Und viele weitere Prämien-Projekte lernen wir auf unserer Reise kennen, die uns die Vielfältigkeit der Wirkung vor Ort bewusst macht: Wassertanks, die ganze Viertel versorgen, Krankenhäuser, Bibliotheken und Gemeindezentren, aber auch kleinerer Projekte wie am Mount Kenya, wo Farm-Arbeiter wie David Thiangiru Mugambi die Anschaffung einer Ziege finanzieren können, mit der sie ihre Familien mitversorgen und zusätzlich durch den Verkauf der Milch noch Zusatzeinnahmen generieren können.

Wir sind beeindruckt

Auch wenn die Besuche verschiedener Blumenfarmen in Ravine, am Mount Kenya und am Lake Naivasha beeindruckend sind: es sind Begegnungen wie diese, die unseren Besuch in Kenia so besonders für uns machen. Schon vieles haben wir über die vielfältigen Projekte gehört, die durch die Fairtrade-Prämie ermöglicht werden. Aber die Menschen zu treffen, die dank dieser Projekte ein besseres Leben führen können, gibt dem Ganzen eine neue Bedeutung.

Was wir mit nach Hause nehmen

Und gleichzeitig geben sie uns eine Bitte mit auf den Weg zurück nach Deutschland: um die Reichweite der Fairtrade-Prämienprojekte zu vergrößern ist es wichtig, die Absätze von Fairtrade-Blumen zu steigern, denn Fairtrade-Blumenfarmen können im Schnitt nur 20-25% ihrer Ernte unter Fairtrade-Bedingungen verkaufen.

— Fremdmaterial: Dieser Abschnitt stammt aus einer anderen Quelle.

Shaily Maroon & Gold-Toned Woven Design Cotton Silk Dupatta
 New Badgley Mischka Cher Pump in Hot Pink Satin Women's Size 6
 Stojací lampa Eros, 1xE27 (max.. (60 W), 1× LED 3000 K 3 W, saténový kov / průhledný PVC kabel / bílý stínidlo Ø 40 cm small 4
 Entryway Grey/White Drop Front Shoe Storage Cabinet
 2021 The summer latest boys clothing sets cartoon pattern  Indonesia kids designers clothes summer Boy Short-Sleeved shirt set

Gleichzeitig bedeutet das aber auch, dass hier viel Potential liegt, das „Gute“, das durch die Entscheidung für Fairtrade-Rosen in den Ursprungsländern ankommt, zu steigern. Viele wissen um die Bedeutung von Fairtrade-Kaffee oder Bananen, aber Blumen kennen viele nicht als Fairtrade-Produkt. Viele Supermärkte haben neben konventionellen Rosen auch Fairtrade-Rosen im Angebot, und rund 1.100 Floristen in Deutschland sind bereits als Fairtrade-Florist registriert. Und hier kannst du weiterhelfen: wenn du das nächste Mal bei deinem Floristen um die Ecke bist oder im Supermarkt vor dem Blumenregal stehst, dann schau oder frag doch mal nach Fairtrade-Rosen. Denn letztendlich sind wir Konsumenten diejenigen, die mit unserer Nachfrage das Angebot bestimmen und somit Sorge dafür tragen können, dass noch mehr „Gutes“ seinen Weg in die Ursprungsländen unserer Blumen findet.